▶ [Data to use]
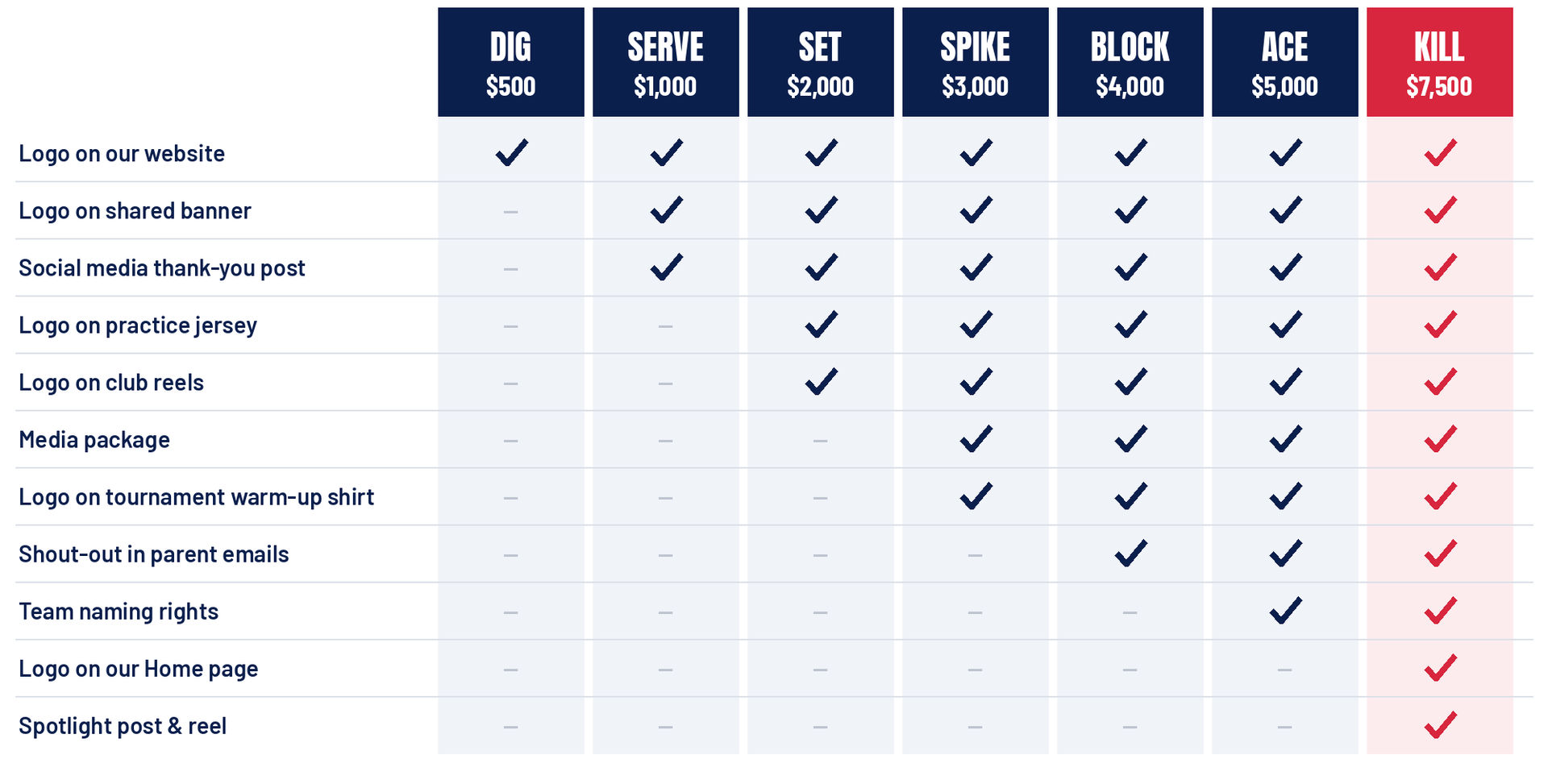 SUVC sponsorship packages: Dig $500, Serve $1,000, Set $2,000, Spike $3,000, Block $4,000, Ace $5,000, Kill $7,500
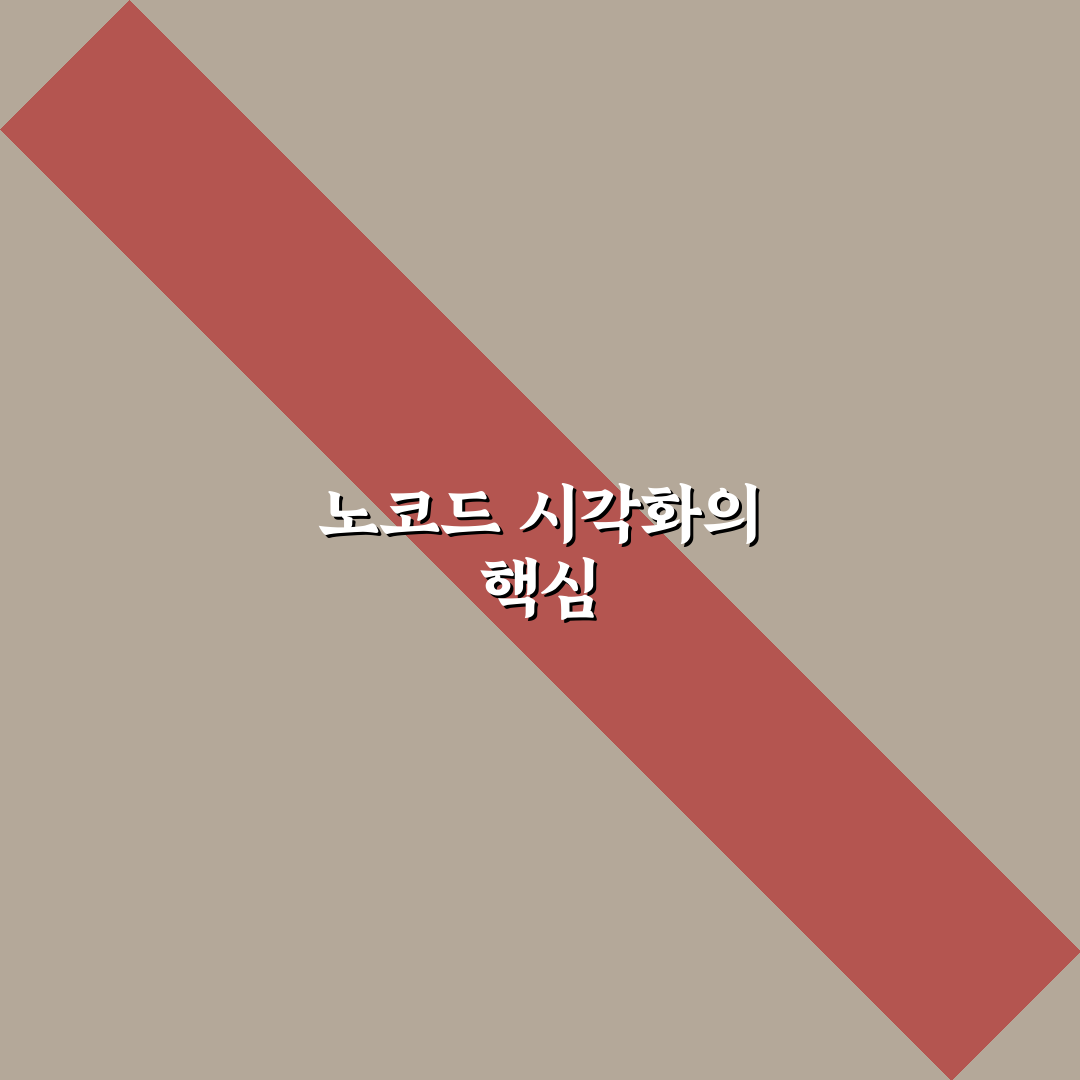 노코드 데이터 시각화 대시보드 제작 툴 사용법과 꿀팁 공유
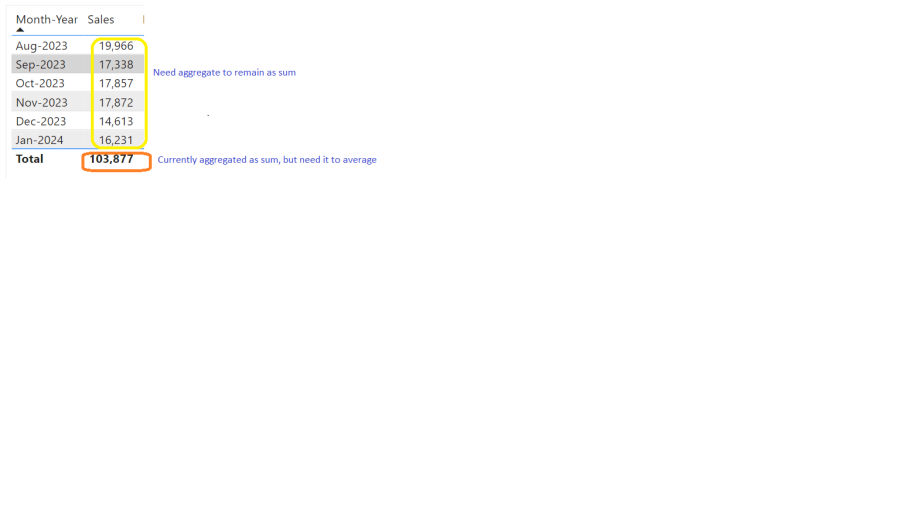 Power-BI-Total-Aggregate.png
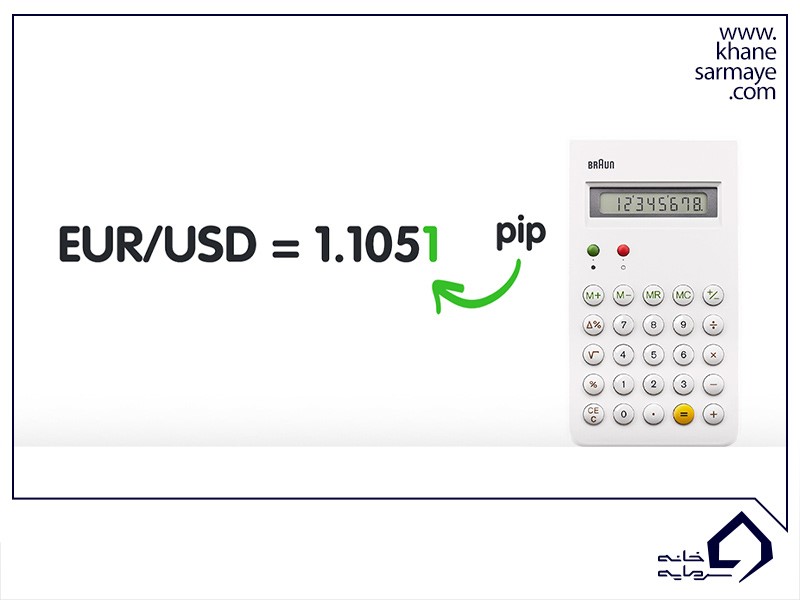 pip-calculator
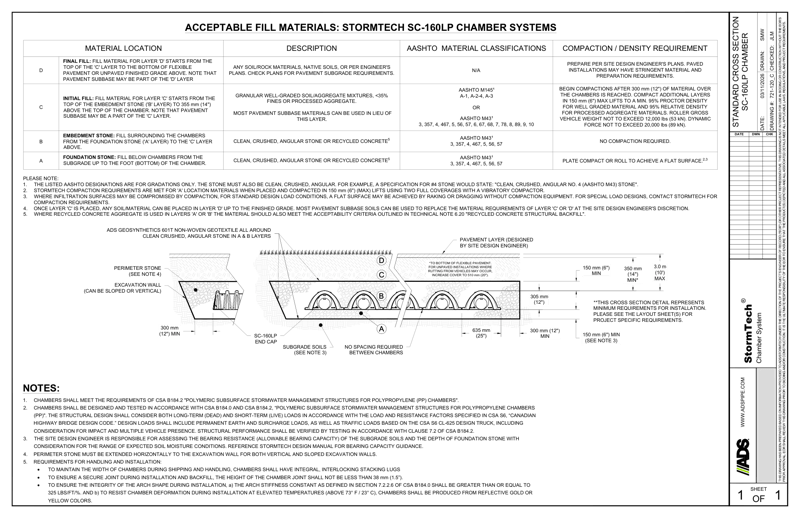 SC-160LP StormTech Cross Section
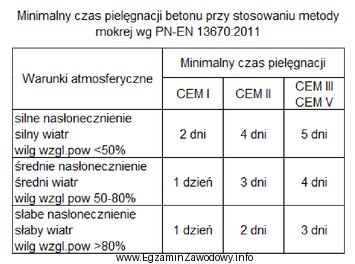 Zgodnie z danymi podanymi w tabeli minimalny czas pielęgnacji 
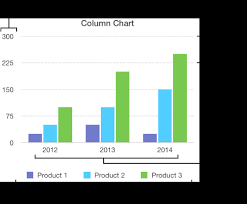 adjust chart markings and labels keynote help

▶ [Exercise directions] Only the lines from the beginning of the records up to and including the line with "Zgodnie z danymi" should appear, exactly as they are, and no pictures.

▶ [The answer]
 SUVC sponsorship packages: Dig $500, Serve $1,000, Set $2,000, Spike $3,000, Block $4,000, Ace $5,000, Kill $7,500
 노코드 데이터 시각화 대시보드 제작 툴 사용법과 꿀팁 공유
 Power-BI-Total-Aggregate.png
 pip-calculator
 SC-160LP StormTech Cross Section
 Zgodnie z danymi podanymi w tabeli minimalny czas pielęgnacji 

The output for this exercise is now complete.